All production and marketing strategies in the Serbian popular music both emulate and worship global trends in music, dance, fashion and design. Ceca did start as a girl who sang at a local music festival in Ilidza "I am a cheeky flower", but is today the greatest popular music star that cannot be compared to any folk music performer, but only to stars such as Madonna, Kylie Minogue or Brittney Spears. ("We shall apologize to Miss Spears," Miroslav Ilic reacted in the above mentioned "Latinica" to the remark by certain Vesna Pezo, allegedly the only turbo-folk singer in Croatia, that her clothing and her behavior is no more provocative (read tasteless) than that of Brittney Spears.) Before the big Ceca's concert at Marakana soccer stadium, we've seen confessionals, serials, all sorts of mechanisms already seen in the global popular culture, as well as European tradition.

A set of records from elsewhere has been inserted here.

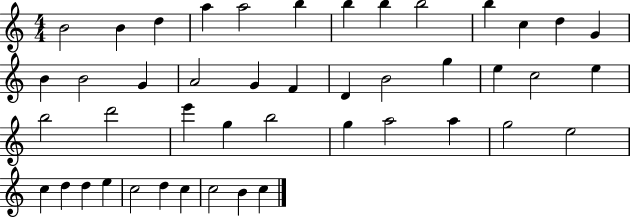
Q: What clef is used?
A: treble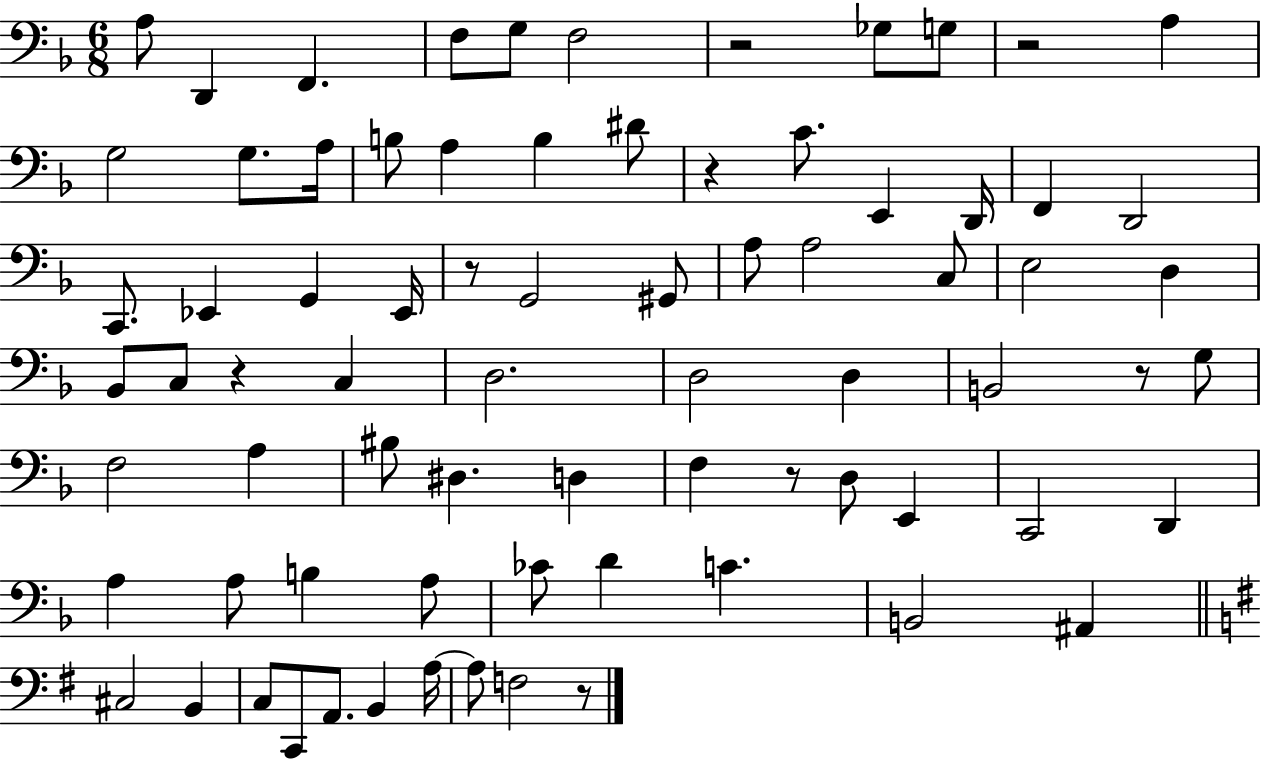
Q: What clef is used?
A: bass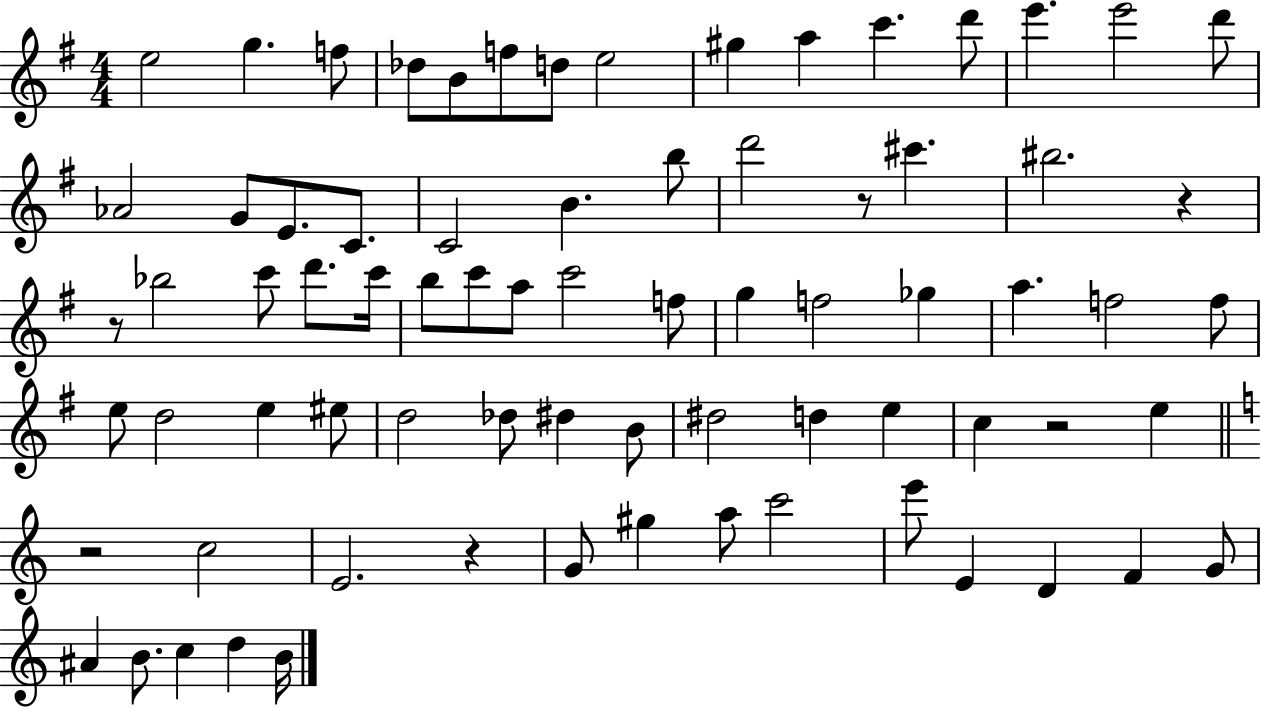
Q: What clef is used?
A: treble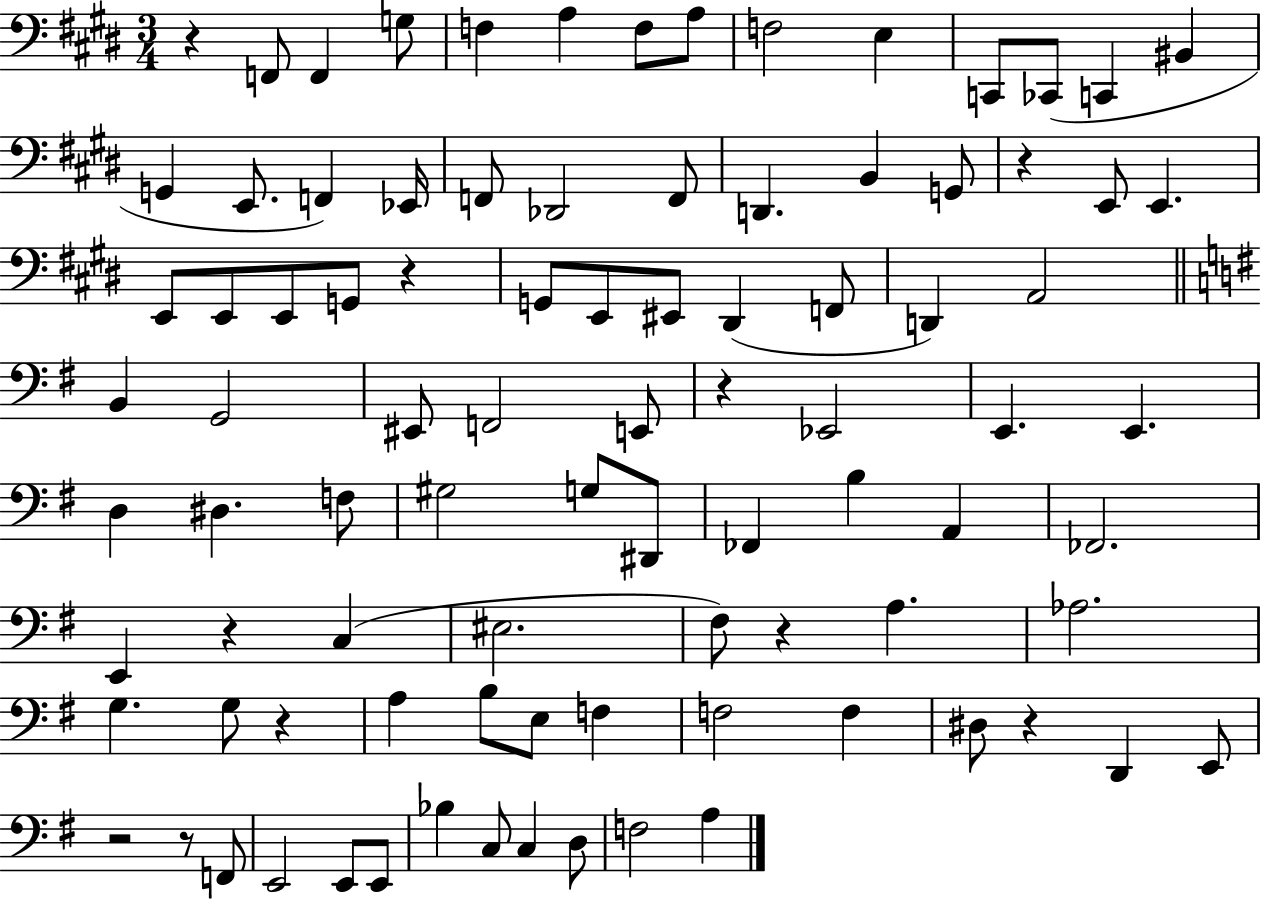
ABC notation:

X:1
T:Untitled
M:3/4
L:1/4
K:E
z F,,/2 F,, G,/2 F, A, F,/2 A,/2 F,2 E, C,,/2 _C,,/2 C,, ^B,, G,, E,,/2 F,, _E,,/4 F,,/2 _D,,2 F,,/2 D,, B,, G,,/2 z E,,/2 E,, E,,/2 E,,/2 E,,/2 G,,/2 z G,,/2 E,,/2 ^E,,/2 ^D,, F,,/2 D,, A,,2 B,, G,,2 ^E,,/2 F,,2 E,,/2 z _E,,2 E,, E,, D, ^D, F,/2 ^G,2 G,/2 ^D,,/2 _F,, B, A,, _F,,2 E,, z C, ^E,2 ^F,/2 z A, _A,2 G, G,/2 z A, B,/2 E,/2 F, F,2 F, ^D,/2 z D,, E,,/2 z2 z/2 F,,/2 E,,2 E,,/2 E,,/2 _B, C,/2 C, D,/2 F,2 A,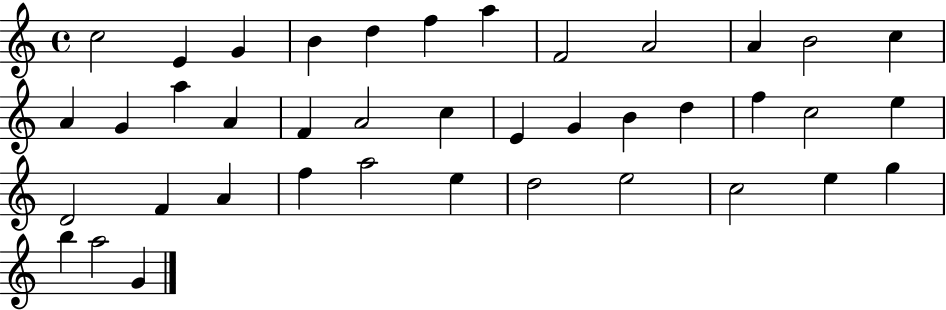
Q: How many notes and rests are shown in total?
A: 40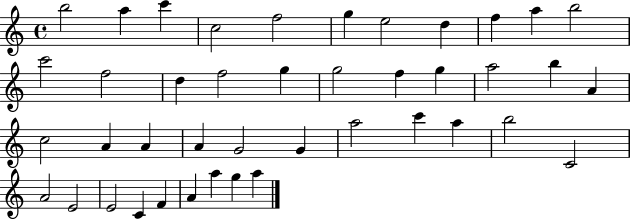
X:1
T:Untitled
M:4/4
L:1/4
K:C
b2 a c' c2 f2 g e2 d f a b2 c'2 f2 d f2 g g2 f g a2 b A c2 A A A G2 G a2 c' a b2 C2 A2 E2 E2 C F A a g a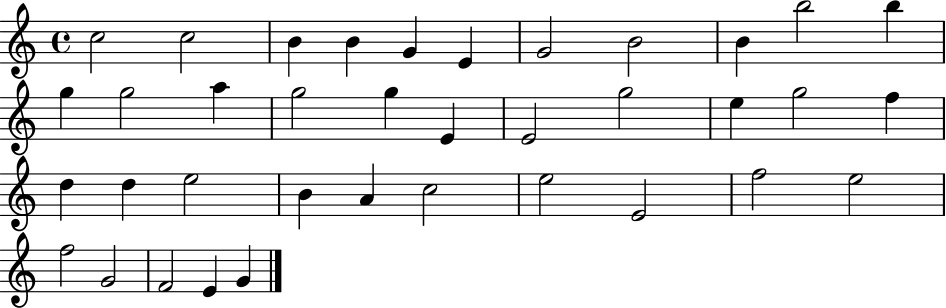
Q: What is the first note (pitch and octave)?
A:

The story about Ceca and Arkan will become nothing but another chapter of tragic fates of famous people that were especially popular in the Austria-Hungary; we shall have a new "big tragedy" similar to that of [Crown Prince] Rudolf and Maria Vetsera [who mysteriously died together in the castle Mayerling in 1899].
The global identity of turbo-folk is easily recognizable, but our intellectual and upper middle class elite cannot come to terms with the fact that someone like Ceca has left such an impact on our cultural space. The same applies to the political option she represents while singing about love. The Party of Serb Unity, at the time of Heider and Le Pen, is also a product of civilized Europe.